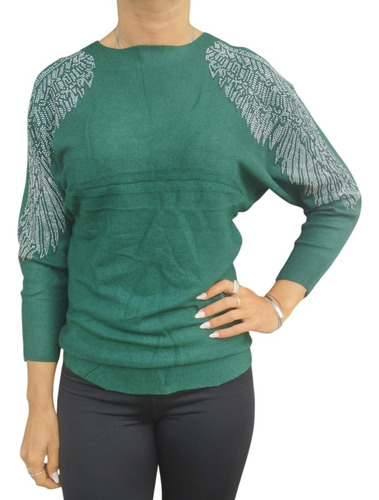 Sweater Brillos Mujer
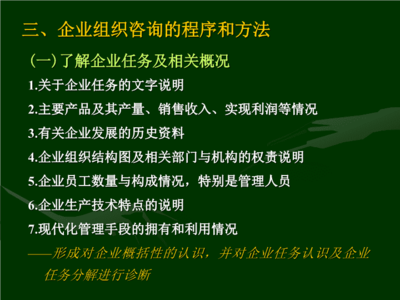 管理咨詢?nèi)髽I(yè)組織咨詢.ppt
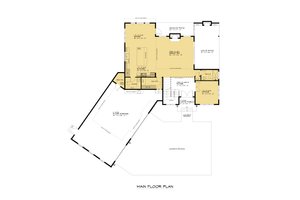 Floor Plan - Main Floor for Farmhouse House Plan #1066-251 - 3 bed, 3 bath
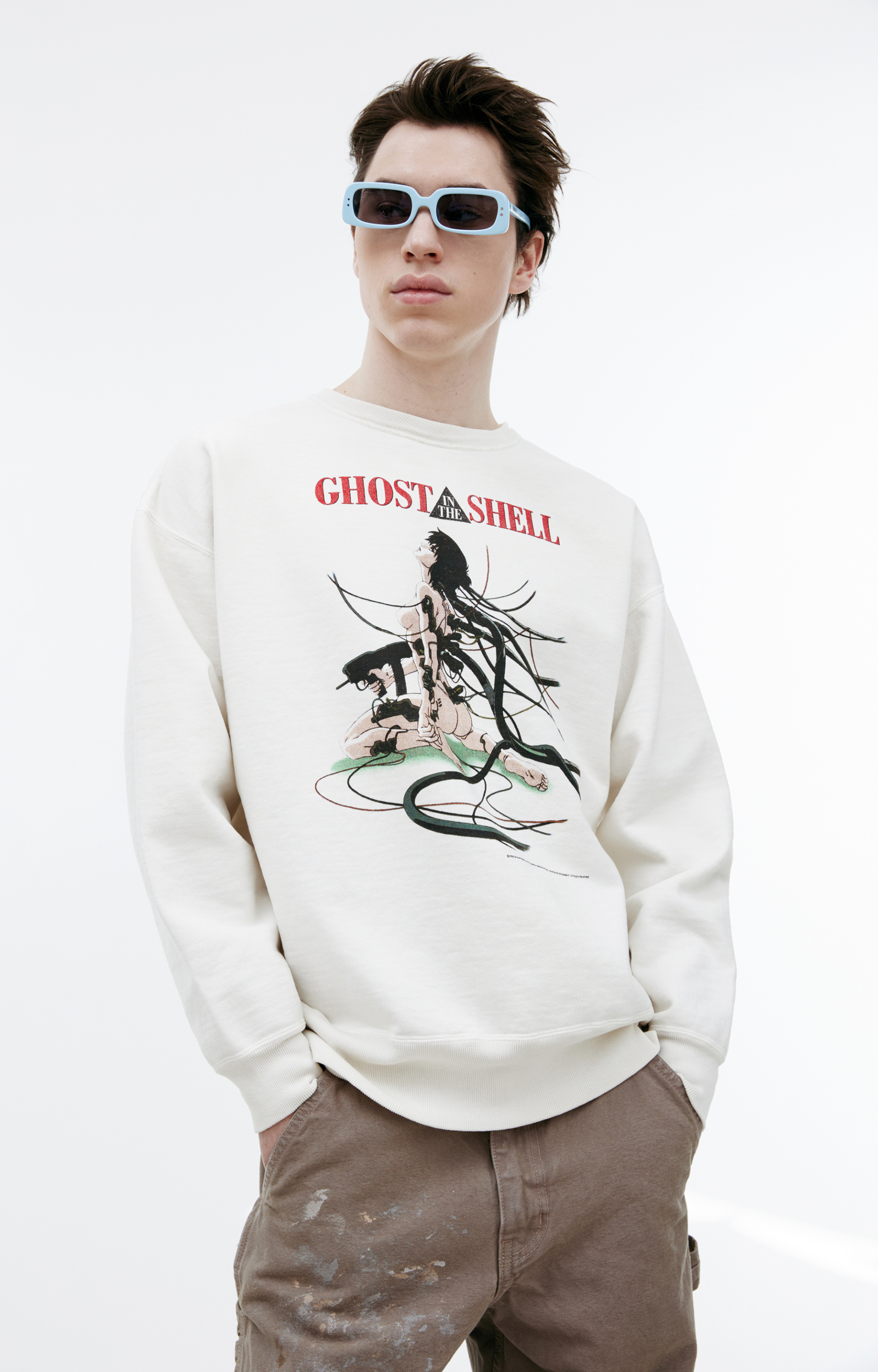 Saint Mxxxxxx x Ghost in the Shell Sweatshirt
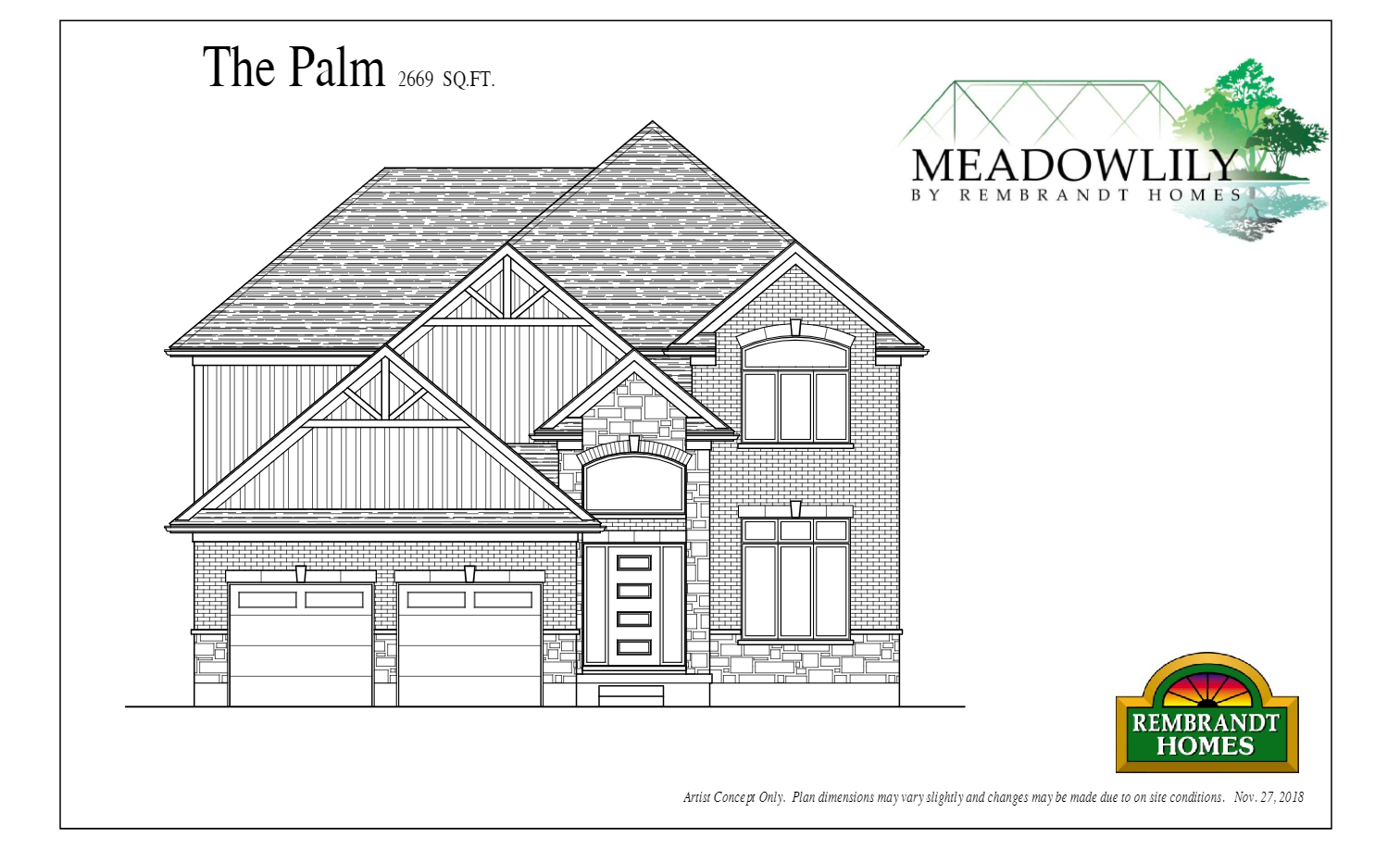 The Palm floor plan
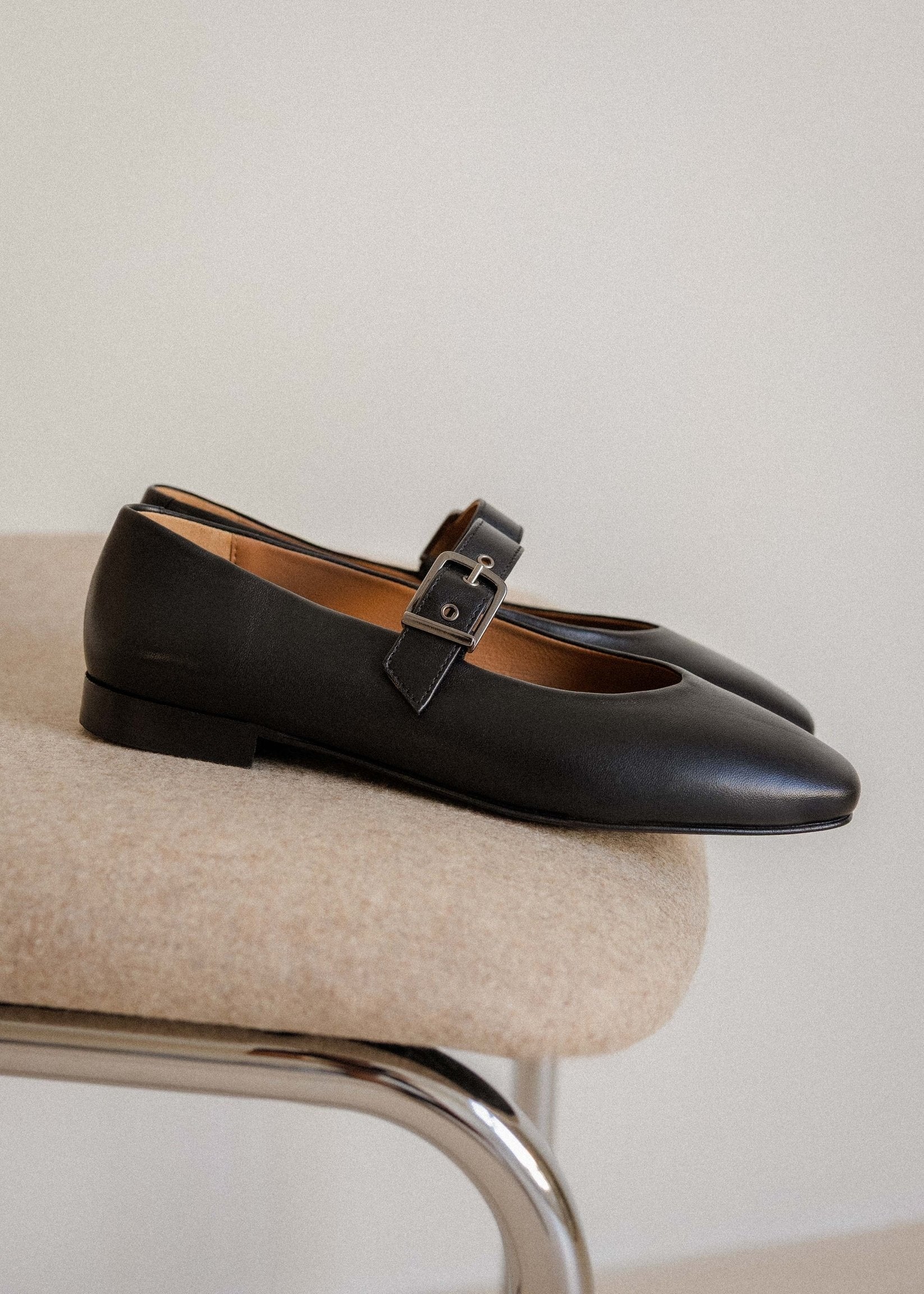 Ballerines Bobbies Mado Noir Bobbies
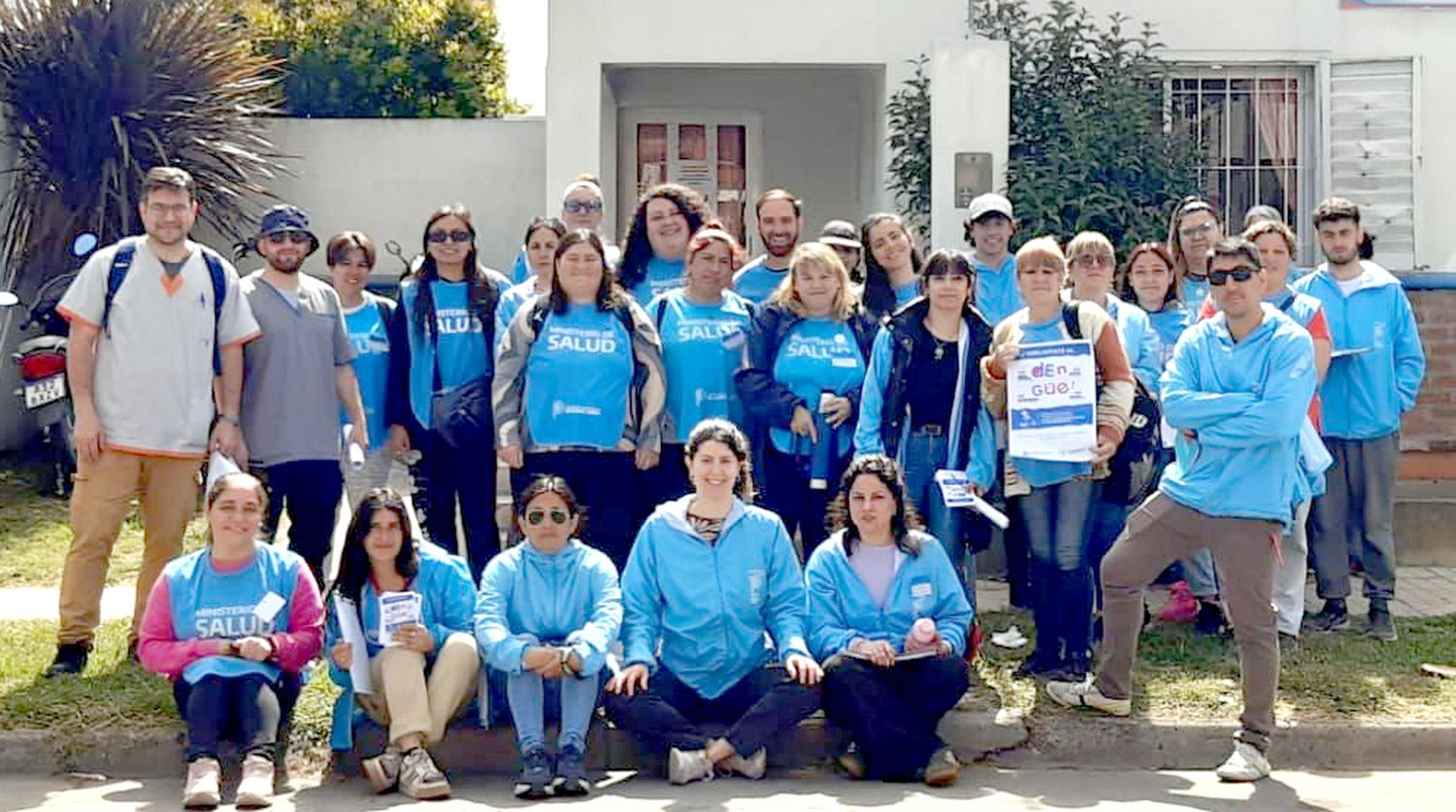 En Olavarría. Sigue “Adelantate al Dengue”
***
- [Task brief]: Set every record down again verbatim, without pictures.

- [Exercise solution]:
 Sweater Brillos Mujer
 管理咨詢?nèi)髽I(yè)組織咨詢.ppt
 Floor Plan - Main Floor for Farmhouse House Plan #1066-251 - 3 bed, 3 bath
 Saint Mxxxxxx x Ghost in the Shell Sweatshirt
 The Palm floor plan
 Ballerines Bobbies Mado Noir Bobbies
 En Olavarría. Sigue “Adelantate al Dengue”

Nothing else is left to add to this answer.